Digest · Friday, November 20, 2009

The Foundation
"The natural progress of things is for liberty to yield and government to gain ground." --Thomas Jefferson

Government & Politics
Health Care Cost Nightmare

Harry Reid claims his 2,000-page bill will reduce the deficit. He's quite the comedian.It's an accepted fact that no government program comes in on budget, and this maxim likely won't change with the health care legislation that recently passed the House. Republican analysis of the bill in the Senate Budget Committee reveals that a more realistic price tag for the House version, after the benefit provisions are figured in, comes to $3 trillion over 10 years, not $1 trillion as Democrats claim. The disparity comes from the fact that the taxes and fees meant to pay for the bill occur immediately, while major aspects of "reform" won't be implemented until at least 2013. Thus, the true cost of the plan won't reveal itself until well after the current president has stood for re-election.

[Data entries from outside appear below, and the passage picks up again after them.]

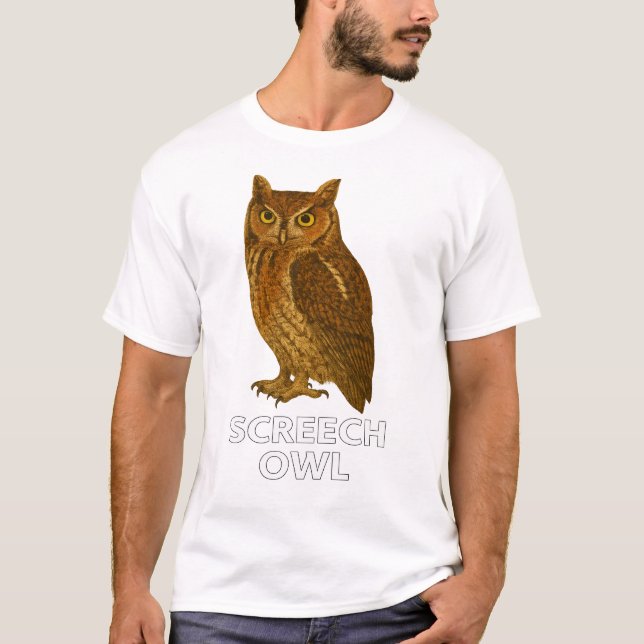 Screech Owl T-Shirt: Cute Bird of Prey Nature Tee (Front)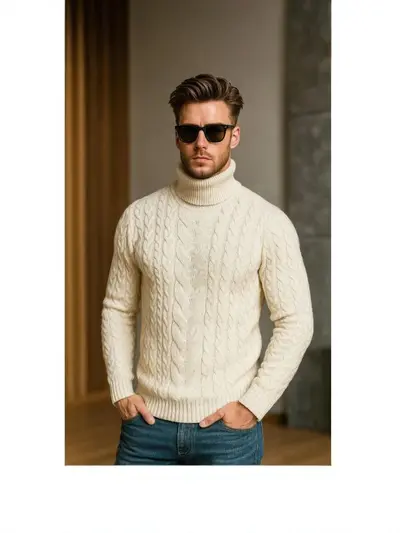 Herren-Rollkragenpullover im Zopfmuster, große Größen, einfarbig, Wolle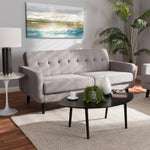 Load image into Gallery viewer, Baxton Studio Carina Mid-Century Modern Light Grey Fabric Upholstered Sofa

Despite Speaker Nancy Pelosi's (D-CA) assurances that the bill will lower health care costs, another report released this week by the nonpartisan Centers for Medicare & Medicaid Services found that the House plan would actually raise costs by $289 billion over 10 years. Furthermore, Medicare would be cut by half a trillion dollars, leading to reduced benefits and services.

On that note, Senate Majority Leader Harry Reid (D-NV) and Health, Education, Labor and Pensions Committee Chairman Tom Harkin (D-IA) introduced the Senate's 2,074-page, $849 billion version of the health care takeover plan. Reid has laid out an ambitious plan to pass HarryCare by Christmas.

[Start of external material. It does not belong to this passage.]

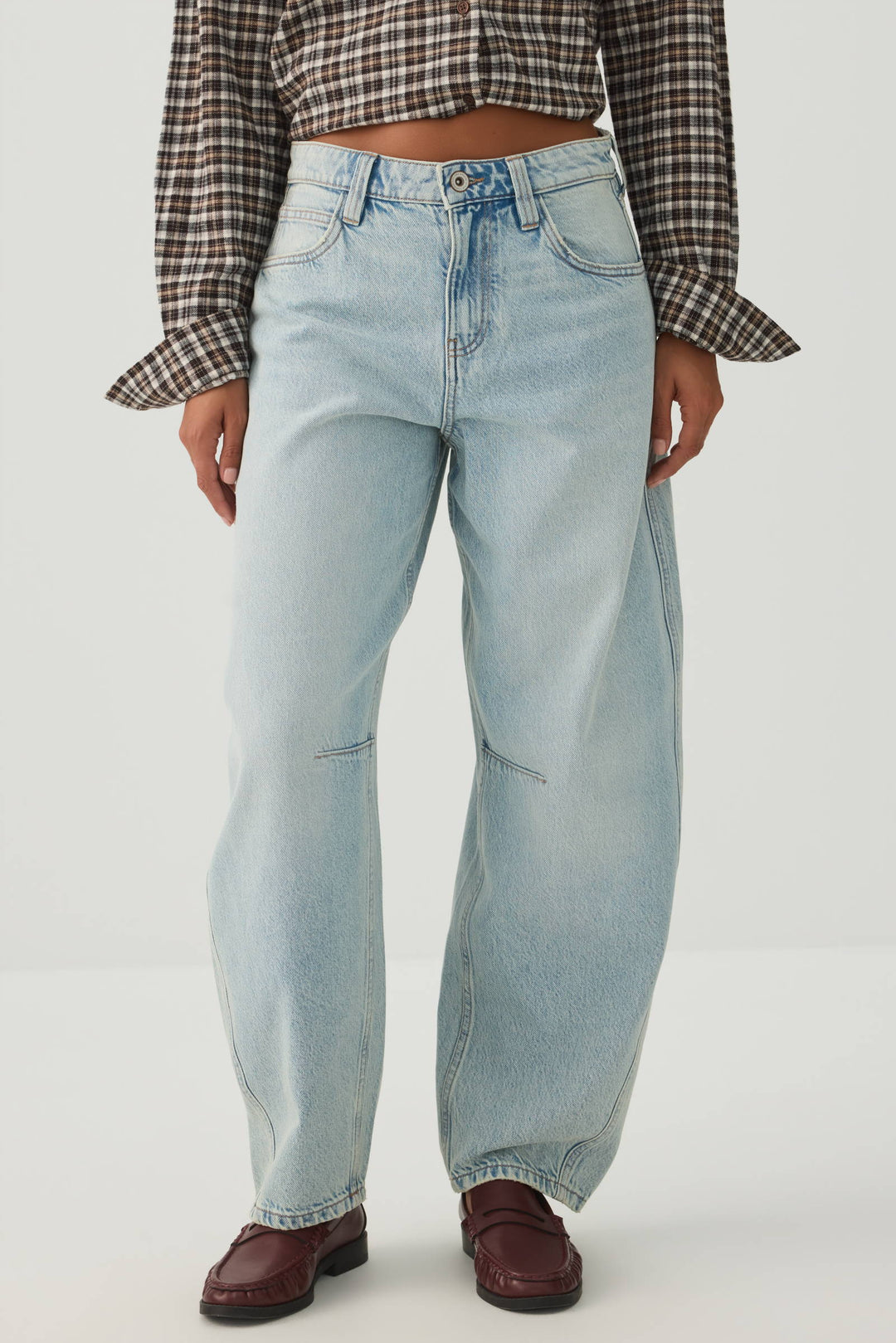 The Indie Fit High Rise Barrel Jean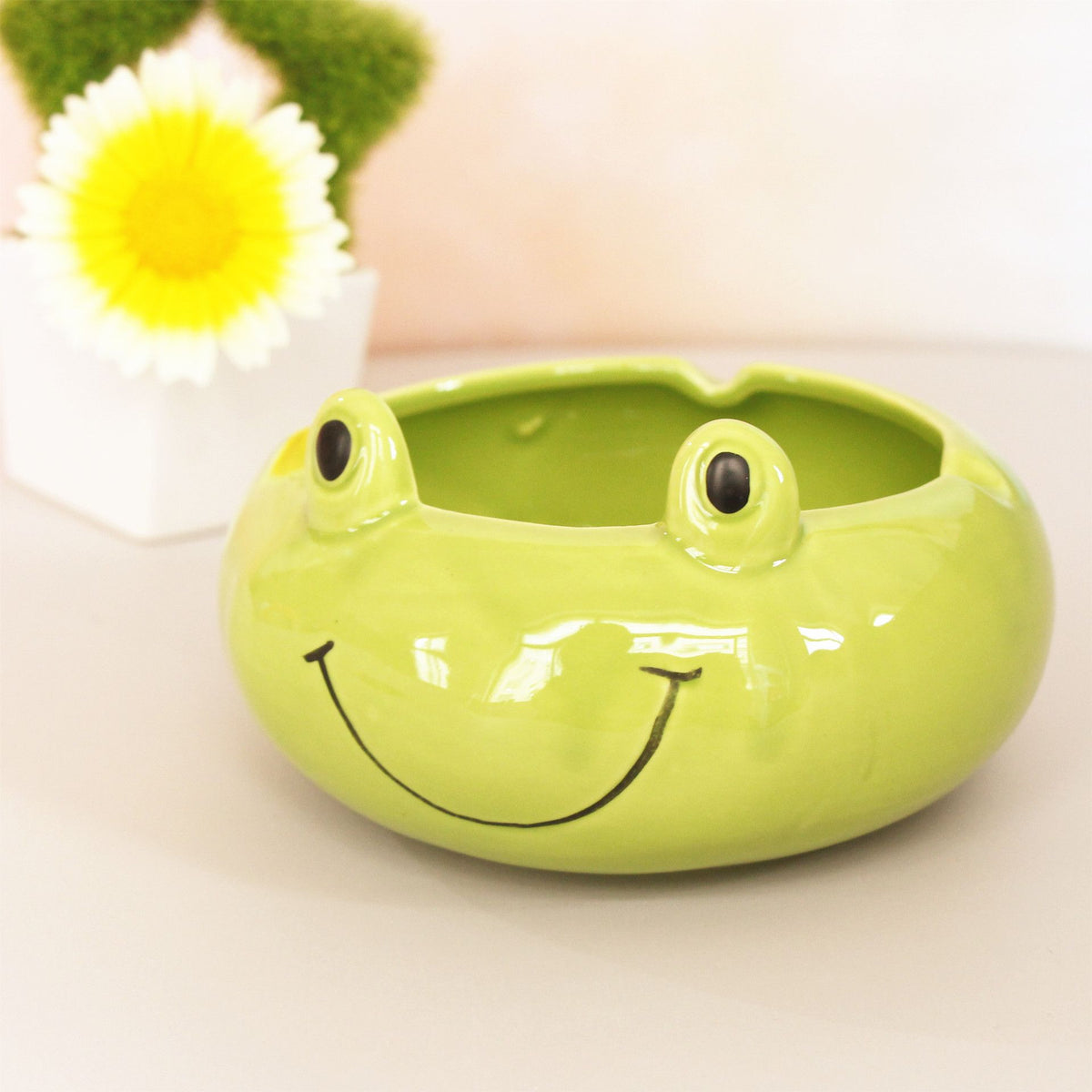 Multi Ceramics Animal Ashtray Flowerpot Home Decor-Frog Ashtray Creative Large Coffee Table Vehicle Car Ashtray Mini Ashtray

The Senate bill clocks in a tad cheaper than the House version in part because many major provisions, such as the public option, would be delayed until 2014 -- one year later than the House bill. Reid also claims the bill will reduce the federal deficit by $650 billion in its second 10 years. A 2,000-page bill will reduce the deficit? That Reid is quite the comedian. Besides, while the Congressional Budget Office says the bill will reduce the deficit by $130 billion over 10 years, CBO cautions that its effect on the deficit over the following decade would be "subject to substantial uncertainty." That's comforting, isn't it?

Notably, the Senate bill includes a 40 percent tax on high-deductible "Cadillac" insurance plans (though, naturally, Congress' Cadillac plan is exempt) as opposed to the House's tax on the "rich." It also includes a 5 percent tax on elective cosmetic surgeries (how will Nancy feel about that?), which apparently helps pay for providing -- surprise -- federal subsidies for abortion.

Reid wants to hold a vote to begin debate as early as this weekend. He has "promised" not to use the procedural tactic of reconciliation, which would allow him to pass the bill with only 51 votes instead of the 60 needed to overcome a filibuster -- but experience shows how little we should trust Democrats' promises.

As for that prized debate, Harkin referred to a Republican call to read the full bill on the Senate floor as a political tactic, and he threatens that Democrats will hold a live quorum to keep everyone in the chamber while the reading is taking place -- which sounds awfully like a political tactic to us.

It's interesting that both parties seem to view the public reading of the bill as some sort of parliamentary game. Perhaps if public readings of proposed legislation took place all of the time, we would actually know what Congress is up to. What a novel idea.

Democrat senators who pride themselves as being deficit hawks will have a tough choice to make in the coming days and weeks. Will they support HarryCare, which makes them look like hypocrites when they face the voters next year and in 2012? Or will they do the right thing and stop this runaway entitlement before it shoots out of the gate?

The BIG Lie
Where is the constitutional authority for a federal mandate that individuals must buy health insurance?

Sen. Jeff Merkley (D-OR) says that one's easy: "The very first enumerated power gives the power to provide for the common defense and the general welfare. So it's right on, right on the front end."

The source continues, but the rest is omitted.